Make search work for you
Posted: Sat Jan 18, 2025 10:30 am
If you’re already running SiteCatalyst and Test&Target, then adding Search&Promote really seems to be a no-brainer.
How much traffic do you get across your search pages? Go and have a look. How much of that traffic ultimately converts? Take a look (you can use participation metrics to check that one out).
Now compare that to traffic that didn’t search internally. How do they compare?
Given the volume of traffic across your search page, are there opportunities to engage them further? If you could optimise your search page and influence conversions, what would be needed before you can show a return on investment. I’ll bet it’s not much.
Optimisation Calculator
I’ve included as part of this post an Optimisation Calculator (excel spreadsheet) that can help you determine annual incremental revenue from optimisation efforts.
Optimisation Calculator
To use it, just put in your traffic, conversion and revenue turkmenistan email list 17859 contact leads amounts in the coloured cells, as well as a “what if we could it increase it by…” percentage rate.

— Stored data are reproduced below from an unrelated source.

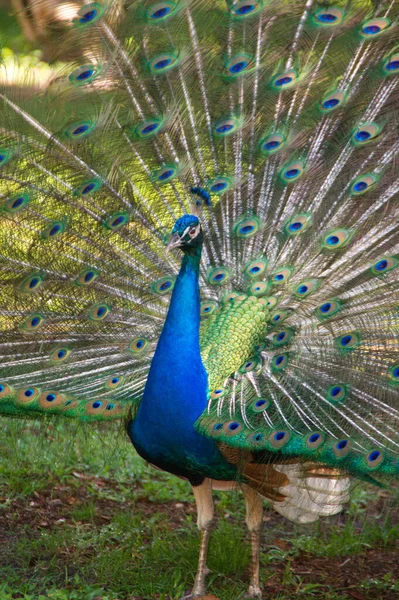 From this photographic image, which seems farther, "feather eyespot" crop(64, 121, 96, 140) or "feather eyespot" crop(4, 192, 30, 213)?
"feather eyespot" crop(4, 192, 30, 213)

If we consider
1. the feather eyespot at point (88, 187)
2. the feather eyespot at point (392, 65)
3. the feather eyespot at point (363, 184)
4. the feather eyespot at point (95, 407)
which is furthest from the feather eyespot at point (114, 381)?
the feather eyespot at point (392, 65)

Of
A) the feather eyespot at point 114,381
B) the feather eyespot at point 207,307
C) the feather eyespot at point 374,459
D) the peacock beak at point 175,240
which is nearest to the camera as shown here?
the feather eyespot at point 374,459

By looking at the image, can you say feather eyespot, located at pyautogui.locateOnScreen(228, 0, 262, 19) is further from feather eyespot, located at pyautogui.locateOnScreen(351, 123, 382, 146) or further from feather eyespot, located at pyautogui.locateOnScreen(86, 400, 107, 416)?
feather eyespot, located at pyautogui.locateOnScreen(86, 400, 107, 416)

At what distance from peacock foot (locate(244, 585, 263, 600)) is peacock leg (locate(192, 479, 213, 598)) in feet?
0.64

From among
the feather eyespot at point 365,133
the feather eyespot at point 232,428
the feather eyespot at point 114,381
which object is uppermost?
the feather eyespot at point 365,133

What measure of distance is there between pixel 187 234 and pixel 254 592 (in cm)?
163

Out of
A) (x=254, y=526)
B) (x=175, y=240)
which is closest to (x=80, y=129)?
(x=175, y=240)

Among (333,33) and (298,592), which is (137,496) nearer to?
(298,592)

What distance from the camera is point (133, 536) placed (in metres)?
4.32

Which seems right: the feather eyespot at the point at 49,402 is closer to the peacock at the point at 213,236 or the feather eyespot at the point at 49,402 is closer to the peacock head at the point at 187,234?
the peacock at the point at 213,236

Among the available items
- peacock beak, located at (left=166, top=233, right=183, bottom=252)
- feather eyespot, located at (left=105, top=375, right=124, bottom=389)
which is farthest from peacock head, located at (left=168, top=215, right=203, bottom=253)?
feather eyespot, located at (left=105, top=375, right=124, bottom=389)

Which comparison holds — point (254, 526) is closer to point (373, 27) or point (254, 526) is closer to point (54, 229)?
point (54, 229)

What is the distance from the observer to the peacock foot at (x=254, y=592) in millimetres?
3811

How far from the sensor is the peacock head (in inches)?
131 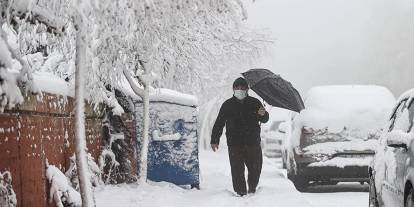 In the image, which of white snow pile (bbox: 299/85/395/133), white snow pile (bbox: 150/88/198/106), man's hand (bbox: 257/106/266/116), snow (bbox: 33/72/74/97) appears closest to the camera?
snow (bbox: 33/72/74/97)

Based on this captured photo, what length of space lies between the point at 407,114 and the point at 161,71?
10.5 feet

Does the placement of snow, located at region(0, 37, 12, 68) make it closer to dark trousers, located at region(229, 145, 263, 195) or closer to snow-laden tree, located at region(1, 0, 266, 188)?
snow-laden tree, located at region(1, 0, 266, 188)

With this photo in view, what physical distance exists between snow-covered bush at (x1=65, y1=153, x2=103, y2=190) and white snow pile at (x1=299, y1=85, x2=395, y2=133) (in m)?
4.04

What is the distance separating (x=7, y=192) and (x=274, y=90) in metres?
6.33

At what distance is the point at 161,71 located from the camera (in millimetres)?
8508

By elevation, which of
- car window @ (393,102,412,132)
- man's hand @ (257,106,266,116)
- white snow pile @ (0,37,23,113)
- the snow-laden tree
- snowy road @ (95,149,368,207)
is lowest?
snowy road @ (95,149,368,207)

In the example I’ve used, suppose you have 40,000 unique visitors to your internal search page. Suppose they contribute to only 77 purchases, with $36,500 revenue generated from them. That’s a search conversion rate of about 0.19%. Not too much. Some companies would think it’s not worth it. They’re not there for that reason.
Think again.
If you could lift search conversions by an incrementally small amount, say 17% overall (taking the conversion rate from 0.19% to 0.23%, then you incrementally add nearly $100,000 to your annual revenue, given the example above.
If you can achieve the same conversion rate that your site gets overall (in the example, I’ve used 2.78%) you’d incrementally add a whopping $5.8million.
Did that make you sit up and look closer?
How much traffic do you get across your search pages? Go and have a look. How much of that traffic ultimately converts? Take a look (you can use participation metrics to check that one out).
Now compare that to traffic that didn’t search internally. How do they compare?
Given the volume of traffic across your search page, are there opportunities to engage them further? If you could optimise your search page and influence conversions, what would be needed before you can show a return on investment. I’ll bet it’s not much.
Optimisation Calculator
I’ve included as part of this post an Optimisation Calculator (excel spreadsheet) that can help you determine annual incremental revenue from optimisation efforts.
Optimisation Calculator
To use it, just put in your traffic, conversion and revenue turkmenistan email list 17859 contact leads amounts in the coloured cells, as well as a “what if we could it increase it by…” percentage rate.
In the example I’ve used, suppose you have 40,000 unique visitors to your internal search page. Suppose they contribute to only 77 purchases, with $36,500 revenue generated from them. That’s a search conversion rate of about 0.19%. Not too much. Some companies would think it’s not worth it. They’re not there for that reason.
Think again.
If you could lift search conversions by an incrementally small amount, say 17% overall (taking the conversion rate from 0.19% to 0.23%, then you incrementally add nearly $100,000 to your annual revenue, given the example above.
If you can achieve the same conversion rate that your site gets overall (in the example, I’ve used 2.78%) you’d incrementally add a whopping $5.8million.
Did that make you sit up and look closer?